NFU Scotland president Nigel Miller said: “We will use this consultation phase to impress upon the Scottish Government that retaining as much of our precious Pillar One budget for active producers across all land types will deliver on our rural development goals, be they economic, environmental or social.

“Shifting significant funds to Pillar Two and potentially holing our Pillar One budget below the waterline risks further undermining our vulnerable farming sectors.

“Our members will view the proposed modulation rate of 9.5% as too high and are unlikely to accept any transfer between pillars that is higher than the existing voluntary modulation rate.

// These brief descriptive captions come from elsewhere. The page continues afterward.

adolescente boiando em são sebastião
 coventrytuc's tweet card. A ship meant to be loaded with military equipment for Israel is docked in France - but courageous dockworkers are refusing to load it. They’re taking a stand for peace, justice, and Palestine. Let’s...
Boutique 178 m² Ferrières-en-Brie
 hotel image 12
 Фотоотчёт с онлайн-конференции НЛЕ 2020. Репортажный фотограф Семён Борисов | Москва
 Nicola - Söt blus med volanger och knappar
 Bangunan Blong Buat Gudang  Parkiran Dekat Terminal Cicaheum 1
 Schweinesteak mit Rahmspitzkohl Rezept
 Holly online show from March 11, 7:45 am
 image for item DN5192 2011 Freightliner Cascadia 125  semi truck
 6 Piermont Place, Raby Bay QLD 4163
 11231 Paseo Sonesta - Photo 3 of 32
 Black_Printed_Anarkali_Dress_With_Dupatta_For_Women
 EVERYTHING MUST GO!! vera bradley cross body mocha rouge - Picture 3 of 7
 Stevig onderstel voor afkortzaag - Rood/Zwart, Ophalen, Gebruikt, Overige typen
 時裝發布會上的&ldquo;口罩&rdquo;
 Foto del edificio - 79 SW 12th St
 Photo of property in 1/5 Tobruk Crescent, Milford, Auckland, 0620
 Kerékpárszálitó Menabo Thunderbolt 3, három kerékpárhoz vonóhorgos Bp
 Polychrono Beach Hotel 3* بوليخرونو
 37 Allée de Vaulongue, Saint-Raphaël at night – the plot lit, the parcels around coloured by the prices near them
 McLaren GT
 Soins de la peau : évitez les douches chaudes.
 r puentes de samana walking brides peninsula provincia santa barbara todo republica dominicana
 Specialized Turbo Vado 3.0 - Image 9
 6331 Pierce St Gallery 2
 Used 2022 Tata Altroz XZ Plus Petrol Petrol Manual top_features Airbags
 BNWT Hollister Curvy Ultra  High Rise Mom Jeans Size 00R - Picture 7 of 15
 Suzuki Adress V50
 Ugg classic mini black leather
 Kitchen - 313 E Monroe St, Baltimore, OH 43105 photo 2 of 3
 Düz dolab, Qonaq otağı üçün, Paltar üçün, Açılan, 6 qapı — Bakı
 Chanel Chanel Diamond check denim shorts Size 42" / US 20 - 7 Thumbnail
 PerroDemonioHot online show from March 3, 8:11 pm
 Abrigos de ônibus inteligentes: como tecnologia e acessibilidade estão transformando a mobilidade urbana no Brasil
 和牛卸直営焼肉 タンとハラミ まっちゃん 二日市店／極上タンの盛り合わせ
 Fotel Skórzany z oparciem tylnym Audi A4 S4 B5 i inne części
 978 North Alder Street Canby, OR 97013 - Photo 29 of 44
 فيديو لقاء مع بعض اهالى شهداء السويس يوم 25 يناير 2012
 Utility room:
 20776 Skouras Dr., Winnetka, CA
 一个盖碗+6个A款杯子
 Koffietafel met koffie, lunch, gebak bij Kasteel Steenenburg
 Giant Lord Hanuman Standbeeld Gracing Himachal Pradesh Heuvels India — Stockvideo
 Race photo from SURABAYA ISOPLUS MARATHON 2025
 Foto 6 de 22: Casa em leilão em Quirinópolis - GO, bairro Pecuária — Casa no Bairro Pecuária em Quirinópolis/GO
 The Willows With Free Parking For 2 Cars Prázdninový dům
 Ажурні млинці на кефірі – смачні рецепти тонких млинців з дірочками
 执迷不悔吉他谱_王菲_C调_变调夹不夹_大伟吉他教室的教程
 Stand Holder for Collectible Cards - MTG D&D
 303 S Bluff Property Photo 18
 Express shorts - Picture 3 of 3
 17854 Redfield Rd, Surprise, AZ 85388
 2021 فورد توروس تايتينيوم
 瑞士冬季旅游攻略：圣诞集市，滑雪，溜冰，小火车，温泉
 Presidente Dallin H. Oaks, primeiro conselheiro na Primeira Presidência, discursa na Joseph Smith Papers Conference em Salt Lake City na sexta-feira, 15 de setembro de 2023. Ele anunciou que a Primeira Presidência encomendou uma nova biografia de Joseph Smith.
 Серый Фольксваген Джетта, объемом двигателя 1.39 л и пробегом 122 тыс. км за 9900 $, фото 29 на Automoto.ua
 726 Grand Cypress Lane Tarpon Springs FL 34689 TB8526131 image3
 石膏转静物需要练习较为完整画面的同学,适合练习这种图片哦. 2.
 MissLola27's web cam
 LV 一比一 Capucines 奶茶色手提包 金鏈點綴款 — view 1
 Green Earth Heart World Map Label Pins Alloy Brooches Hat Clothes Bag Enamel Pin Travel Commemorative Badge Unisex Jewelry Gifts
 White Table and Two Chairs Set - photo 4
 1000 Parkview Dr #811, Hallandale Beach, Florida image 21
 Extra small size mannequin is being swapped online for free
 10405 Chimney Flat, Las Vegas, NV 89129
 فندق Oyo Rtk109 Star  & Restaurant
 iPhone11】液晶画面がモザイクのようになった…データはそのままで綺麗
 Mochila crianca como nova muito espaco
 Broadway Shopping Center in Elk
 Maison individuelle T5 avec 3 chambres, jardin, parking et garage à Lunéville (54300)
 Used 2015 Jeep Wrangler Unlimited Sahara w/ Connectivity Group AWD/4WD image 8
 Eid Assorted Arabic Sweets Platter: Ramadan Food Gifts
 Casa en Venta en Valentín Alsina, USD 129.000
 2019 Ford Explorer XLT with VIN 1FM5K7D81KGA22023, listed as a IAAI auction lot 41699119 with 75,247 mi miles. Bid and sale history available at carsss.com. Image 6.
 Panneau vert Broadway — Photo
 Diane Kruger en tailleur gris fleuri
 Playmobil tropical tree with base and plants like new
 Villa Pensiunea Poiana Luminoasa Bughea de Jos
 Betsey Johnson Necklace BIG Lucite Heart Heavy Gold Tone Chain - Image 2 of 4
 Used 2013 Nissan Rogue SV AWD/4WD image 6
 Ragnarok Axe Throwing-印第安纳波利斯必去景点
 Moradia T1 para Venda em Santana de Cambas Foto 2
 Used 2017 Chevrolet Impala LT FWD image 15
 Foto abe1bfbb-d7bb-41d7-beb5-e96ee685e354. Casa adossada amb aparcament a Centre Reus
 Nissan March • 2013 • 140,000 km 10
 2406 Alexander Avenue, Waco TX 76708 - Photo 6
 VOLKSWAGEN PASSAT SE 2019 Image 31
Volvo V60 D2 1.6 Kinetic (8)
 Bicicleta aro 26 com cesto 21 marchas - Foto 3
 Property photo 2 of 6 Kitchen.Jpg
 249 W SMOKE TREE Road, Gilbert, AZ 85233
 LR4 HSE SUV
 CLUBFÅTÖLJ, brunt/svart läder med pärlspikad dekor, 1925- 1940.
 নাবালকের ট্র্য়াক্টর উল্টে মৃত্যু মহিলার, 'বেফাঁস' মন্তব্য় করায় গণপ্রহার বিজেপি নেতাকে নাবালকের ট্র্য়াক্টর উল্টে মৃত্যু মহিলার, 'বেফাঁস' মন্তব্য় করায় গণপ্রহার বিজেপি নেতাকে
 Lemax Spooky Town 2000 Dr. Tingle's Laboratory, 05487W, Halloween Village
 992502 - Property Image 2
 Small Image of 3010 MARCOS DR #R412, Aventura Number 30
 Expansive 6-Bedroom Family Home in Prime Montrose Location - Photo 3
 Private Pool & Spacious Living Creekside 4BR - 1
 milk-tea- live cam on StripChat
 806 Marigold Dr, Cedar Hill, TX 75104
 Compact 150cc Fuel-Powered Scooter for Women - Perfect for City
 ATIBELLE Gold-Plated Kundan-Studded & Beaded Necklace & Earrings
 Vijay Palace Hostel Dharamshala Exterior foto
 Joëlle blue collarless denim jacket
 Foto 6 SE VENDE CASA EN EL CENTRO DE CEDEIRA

We will be urging Scottish Government to adopt a transfer rate closer to 7.5% and make use of the option to review the rate in 2017.”

RSPB Scotland director Stuart Housden took a different view, saying: “RSPB Scotland is very disappointed that out of a possible 15% modulation, the Scottish Government has chosen to shift only 9.5% of the budget.

“It is especially disappointing given that the Scottish Government is failing to meet its own national performance indicators for both farmland birds and for wildlife sites.

“Farming is the key influence on this, and by starving agri-environment programmes of funds they will not reverse the fortunes of wildlife in Scotland any time soon. Over the lifetime of the SRDP programmes Mr Lochhead’s decision has cost the environment £220m.”